* **EXERCISE DIRECTIONS**
Review the listing and copy each line that holds the word "with".

* **RECORD SET**

-.-.-

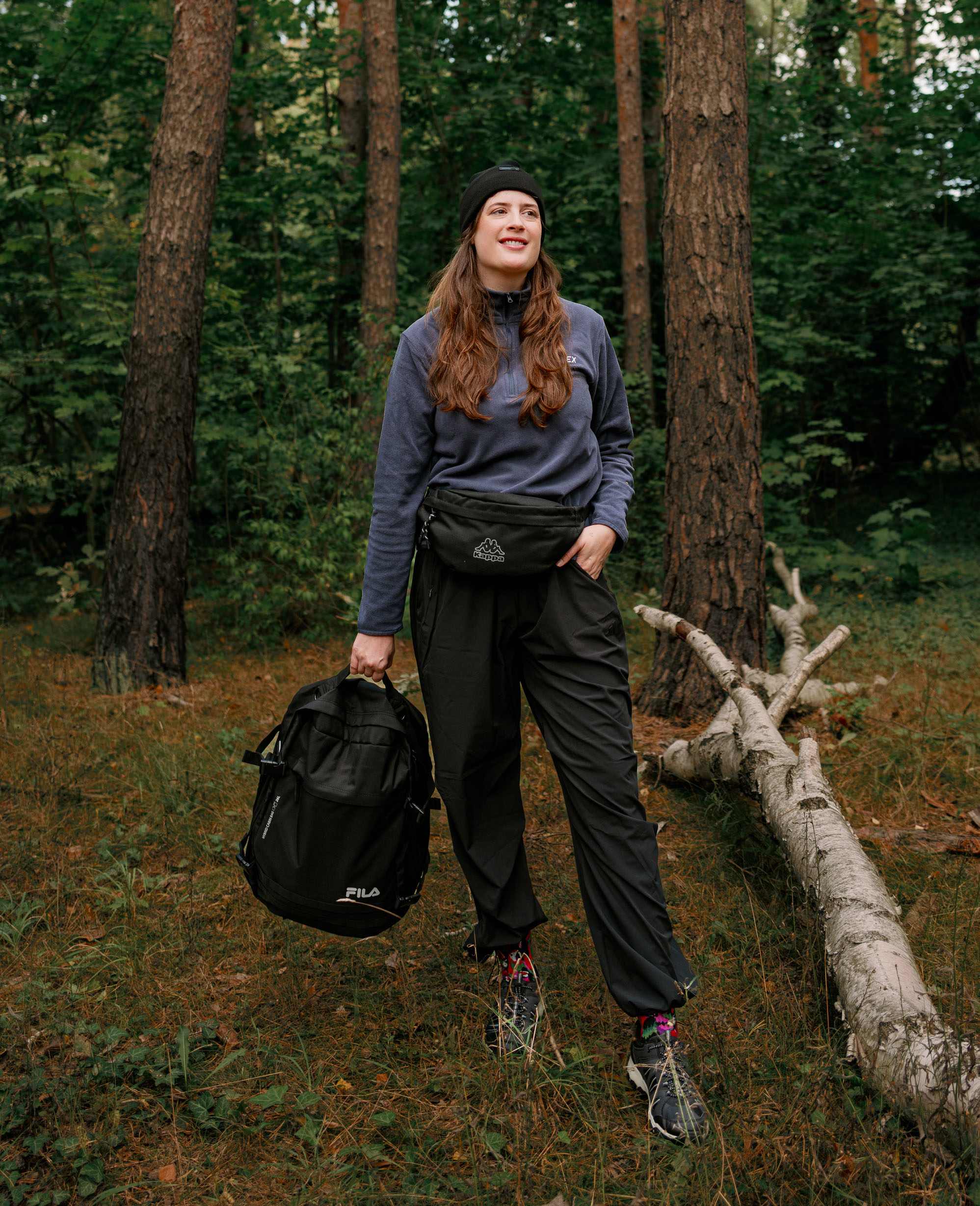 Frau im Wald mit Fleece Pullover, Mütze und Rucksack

-.-.-

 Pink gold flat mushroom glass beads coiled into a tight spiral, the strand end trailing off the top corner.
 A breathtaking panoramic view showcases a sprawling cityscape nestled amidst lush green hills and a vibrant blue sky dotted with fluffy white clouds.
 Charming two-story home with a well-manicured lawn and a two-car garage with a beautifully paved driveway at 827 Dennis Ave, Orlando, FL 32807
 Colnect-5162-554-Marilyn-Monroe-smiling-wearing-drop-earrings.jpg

-.-.-

* **YOUR RESPONSE**
 A breathtaking panoramic view showcases a sprawling cityscape nestled amidst lush green hills and a vibrant blue sky dotted with fluffy white clouds.
 Charming two-story home with a well-manicured lawn and a two-car garage with a beautifully paved driveway at 827 Dennis Ave, Orlando, FL 32807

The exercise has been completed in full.